Because I know that the future will be more severe, we need to face economic shocks, we need to face political turmoil, we need to face the potential collapse of financial markets and so on.

So, friends, now make a good effort to make money! Only when you have food in your hands will you not panic!

This cycle of interest rate hikes has been the largest ever, and the US economy has not experienced any problems so far. First, large enterprises made preparations in advance and saved a large amount of money when interest rates were low. Second, the epidemic has overproduced money and people’s savings have reached a record high of 2.1 trillion yuan.

But according to new research from the Federal Reserve Bank of San Francisco, those excess savings may even run out this quarter. By June, households held less than $190 billion in excess savings.

Without savings, consumption will suffer, and consumption has been the strongest driver of economic growth in the United States, so I think a recession is bound to come, perhaps in the fourth quarter of this year.

Therefore, now is the most urgent time for us to make money. Before the recession of the US economy comes, we should reserve more [grain and grass] to spend the next long winter!

I hope that you will have a long-term understanding of the next economic and financial forms. I hope that what I have explained will have a spiritual impact on every friend.

Well, perhaps the above question is far away, I hope that every friend is thinking deeply.

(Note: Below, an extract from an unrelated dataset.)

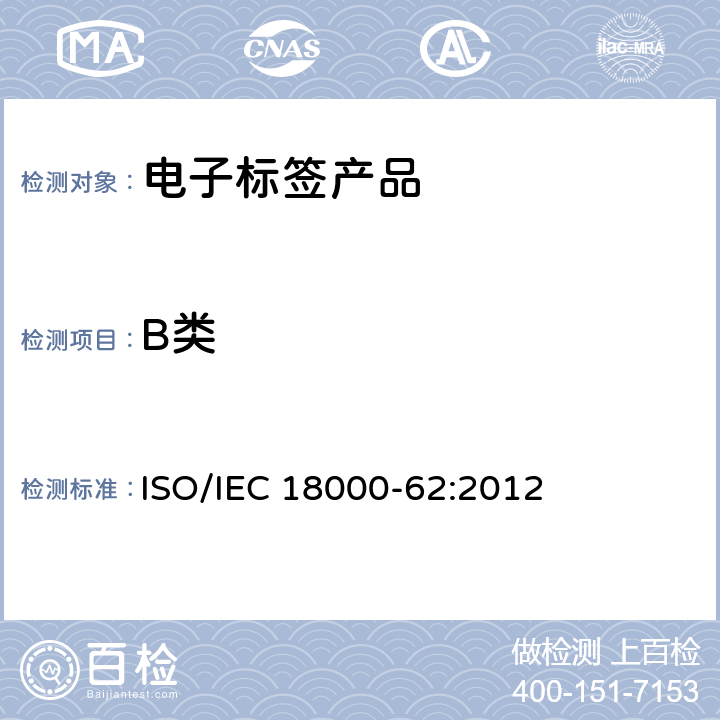 B类 信息技术—射频识别应用于物品管理—第62部分：在860MHz～960 MHz Type B的空中接口通信参数 ISO/IEC 18000-62:2012 6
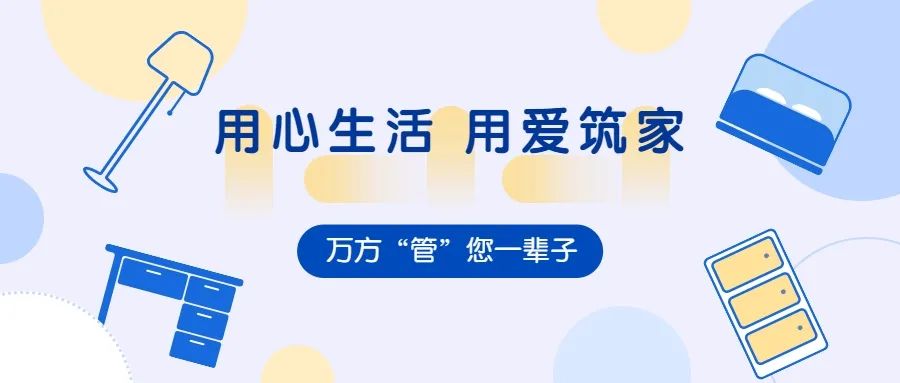 安徽大奖国际管业集团,PE管、MPP管、PVC管、PE给水管等管材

Dr. Henry Smith was born in Melbourne, Australia in 1979. He moved to the United States with his parents in middle school. He received his bachelor’s degree in finance from Columbia University. He received his M.S. and Ph.D. degrees in applied Mathematics from the University of Pennsylvania

Credentials:

Certified Financial Analyst (CFA), Certified Management Accountant (CMA), Certified Public Accountant (CPA). He has worked in Goldman Sachs and blackrock, mainly responsible for investment business in Hong Kong, and is now responsible for Lonton Wealth Management Center LTD (Lonton Wealth Management Company) in Australia.